Gail Reed, MS is Board Chair of Medical Education Cooperation with Cuba (MEDICC) and founder of the organization, which works to promote global health equity through collaboration involving Cuba, Latin America and the Caribbean. Since 2007 and until 2022, she served as Executive Editor of the peer-reviewed, open-access journal MEDICC Review, and now writes an online column on Cuba health news for MEDICC. For the last three decades, Cuba has been her professional base, from where she has written extensively on Cuban social and economic issues.

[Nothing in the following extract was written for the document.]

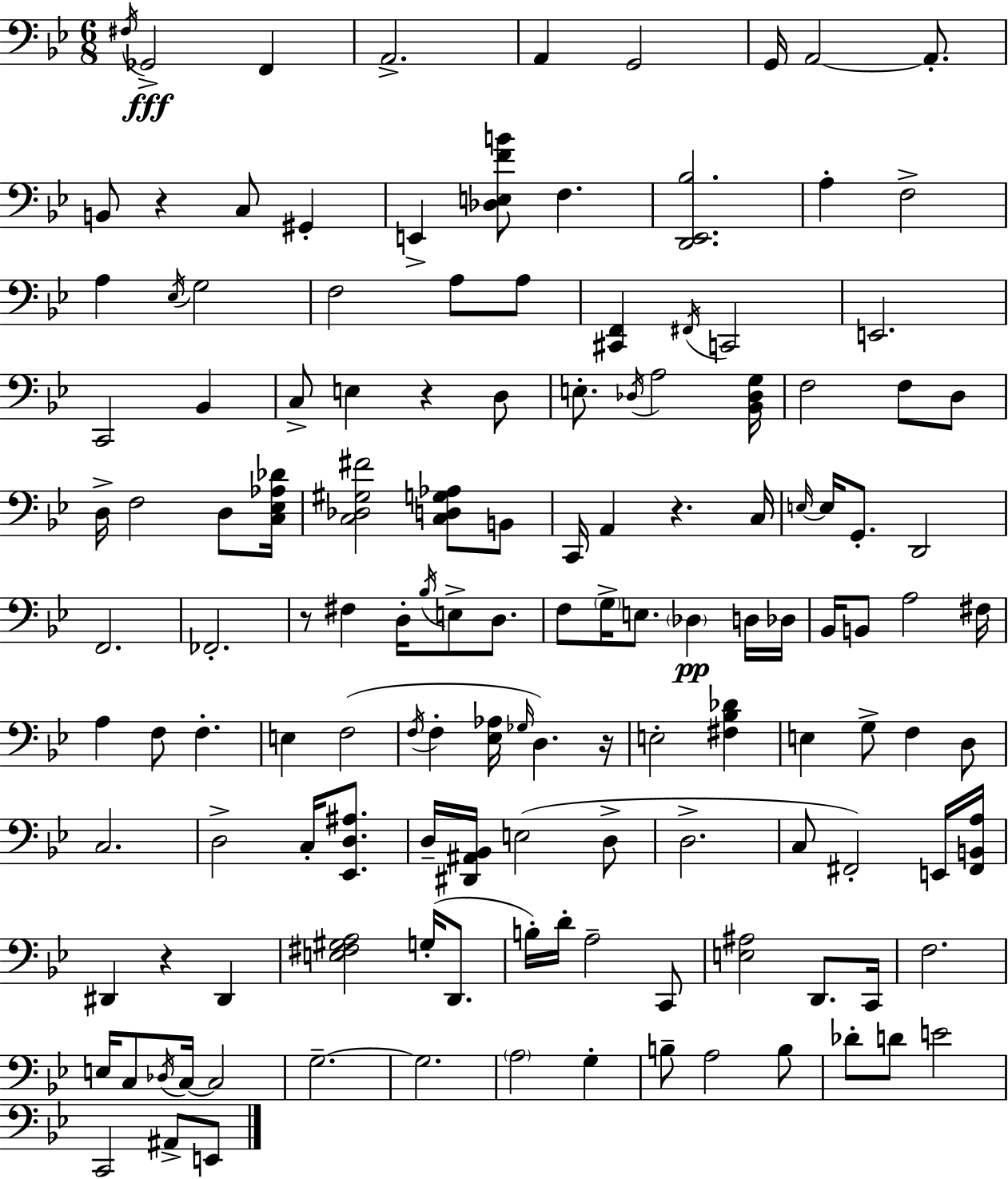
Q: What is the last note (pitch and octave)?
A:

Her writings include Denial of Food and Medicine: The Impact of the US Embargo on Health and Nutrition in Cuba; Island in the Storm; and a series on women and race in Cuba with Dr. Johnnetta B. Cole. Ms. Reed was a featured speaker at TEDMED 2014, her talk focusing on Havana’s Latin American Medical School: Where to Train the World’s Doctors? Cuba. She was Producer and Executive Producer of the award-winning film ¡Salud!, a feature documentary on Cuba and the quest for global health, released in 2006 and distributed by MEDICC. In the 1990s, Ms. Reed regularly contributed to Business Week magazine, and was NBC News’ first Havana-based producer-correspondent since the early 1960s. She received her MS in Journalism from Columbia University, New York.